Although Georgia has no notable oil or gas reserves, its territory hosts part of the pipeline supplying Europe, and journalists expressed fear that the war may damage the Baku–Tbilisi–Ceyhan pipeline (BTC pipeline), 30% of which was owned by BP. The BTC pipeline was closed before the conflict because of the terror attack allegedly by the PKK in Turkey on 6 August 2008. On 8 August 2008, light sweet crude for September delivery fell to $115.20 on the New York Mercantile Exchange. The war created further issues for BP.

Georgian government said that Russian warplanes destroyed the port of Poti on 8 August, which the Georgian government called "a key port for the transportation of energy sources" near to the Baku-Supsa pipeline and the Supsa oil terminal.
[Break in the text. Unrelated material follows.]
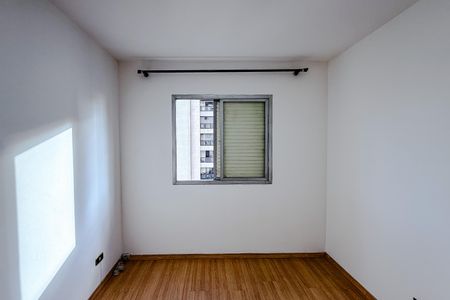 Apartamento à venda com 68m², 2 quartos e 1 vaga Apartamento à venda com 68m², 2 quartos e 1 vagaQuarto 1
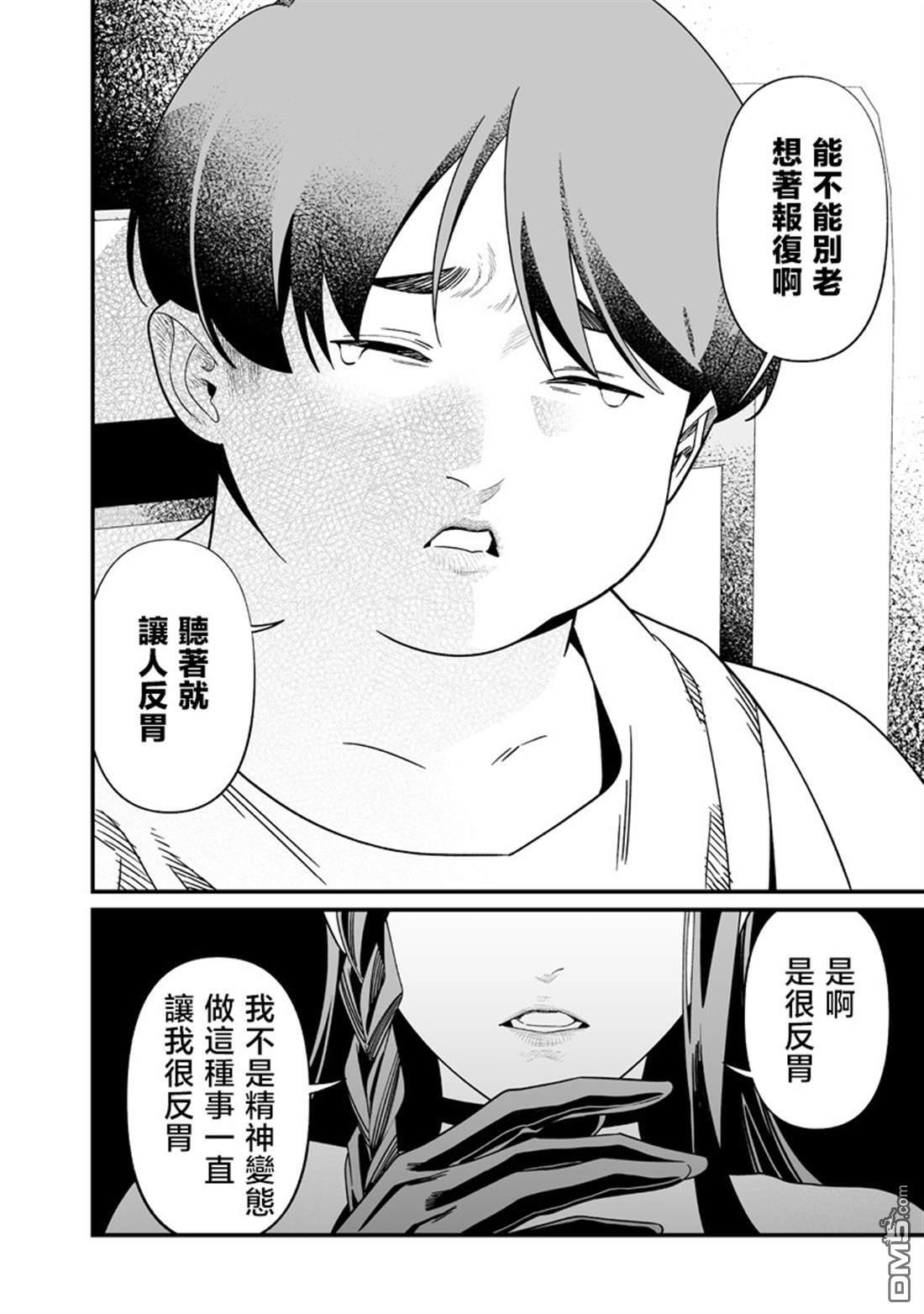 第56话 第16页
On 9 August 2008, Georgia said that Russian warplanes attacked the Baku-Tbilisi-Ceyhan pipeline.

On 12 August 2008, BP shut down the Baku-Supsa Pipeline and the South Caucasus Pipeline for the safety reasons. Gas supplies through the South Caucasus Pipeline were restarted on 14 August 2008.

When Russian president Dmitry Medvedev announced the cessation of hostilities on 12 August 2008, Russian markets and ruble stopped falling. After Medvedev's recognition of Abkhazia and South Ossetia on 26 August, Russia's indexes and ruble fell.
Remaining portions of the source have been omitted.